The oxygen of business: profits
The mood differs notably in the east, where the tone is less controversial. For example, Stora’s Hartery makes a case for profits. “I think our workforce has to understand that the reason we are here is to enhance the shareholder value. We discuss our financial sheet with all of our workers — in good times and in bad times.”
Georges Cabana, vice-president (HR and public affairs) at Montreal-based Alliance Forest Products Ltd., says plainly: “We define profits as a measure of success, and we are not shy about the profits we’ve made and what are acceptable levels of return. We see profits as the oxygen of our business. We have many investment needs, and if you want re-investment, you need profits.” Such is the message Alliance executives send to employees, he explains.
Cabana says relations with its unions are positive, mainly because they understand the link between investment and job security. “Many pulp and paper employees realize that if you don’t invest and keep your mill competitive, then eventually you will jeopardize job opportunities in our facilities.” Senior executives also hold regular meetings with groups of employees to explain how the operation is doing, answering questions such as 1) Why are we (or not) investing in a particular piece of equipment? and 2) How well are we doing compared to our competitors?
Alliance’s self-described openness with its unions has resulted in labor peace since 1994. With the ratification of the A-C pattern agreement, the company can expect the same until the end of 2004.

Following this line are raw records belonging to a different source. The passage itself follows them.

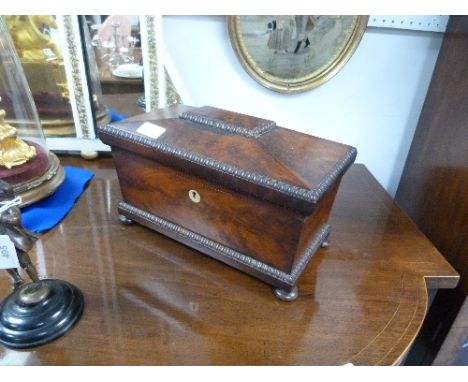 A William IV mahogany Tea Caddy, of sarcophagus form with beaded edges and bun feet, the hinged lid enclosing a pair of canis
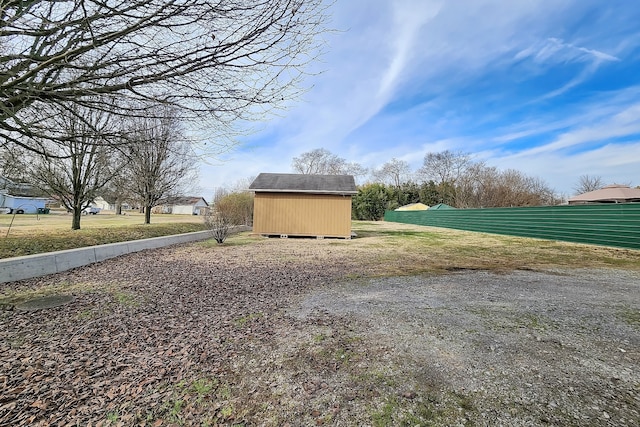 exterior space featuring a storage unit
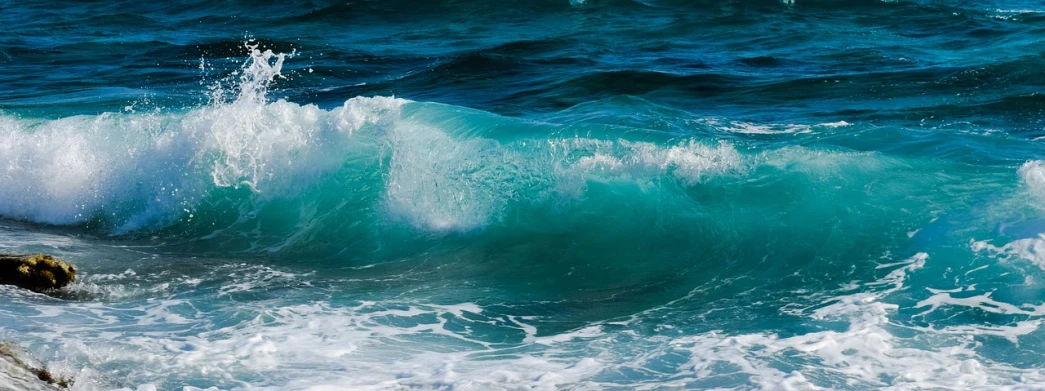 a man riding a wave on top of a surfboard, a picture, pixabay, fine art, aquamarine, [bioluminescense, a close-up, waves crashing in the sea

Other questions dominate the corporate agenda:
How to regain competitiveness and not depend on a 65-cent dollar;
How to better manage and optimize the fibre supply;
How to pinpoint precisely market niches for value-added products? (see sidebar on marketing strategy); and
How to train workers well enough for a knowledge-based economy.
Truly, management strategy has evolved to the point where many decisions have little to do with the making of paper.
Pump in fresh blood
Despite all the best intentions, consultants like Campbell are blunt in their assessment on how well the industry plans strategy. The weakness can be summed up as follows: too much of the same outdated thinking. As a solution, he advocates something called cross-fertilization. Simply put, cross-fertilization is taking the best ideas of other industries and applying them, in this case, to pulp and paper. Campbell states his case clearly: “What we need in this industry are some very creative thinkers, [who] have been through some of the transformations which have taken place in other industries.”
Alliance’s Cabana says that although cross-fertilization has its merits, there are pitfalls to bringing in just anybody, no matter how qualified, to what he says “is a complicated business. He speaks from experience, having joined the industry 12 years ago as an newcomer. “When you come from the outside, you have to be humble and learn the basics.”
Perhaps, humbleness best describes what the industry is undergoing now. Yet, there are no shortage of ideas — many of them progressive, others traditional — being debated on what it will take to bring the industry onto a firmer footing, as we enter the next millennium. What results will significantly shape an industry that has some very deep roots.
Perry J. Greenbaum is contributing editor of Pulp & Paper Canada. He writes on workplace issues for a number of Canadian publications.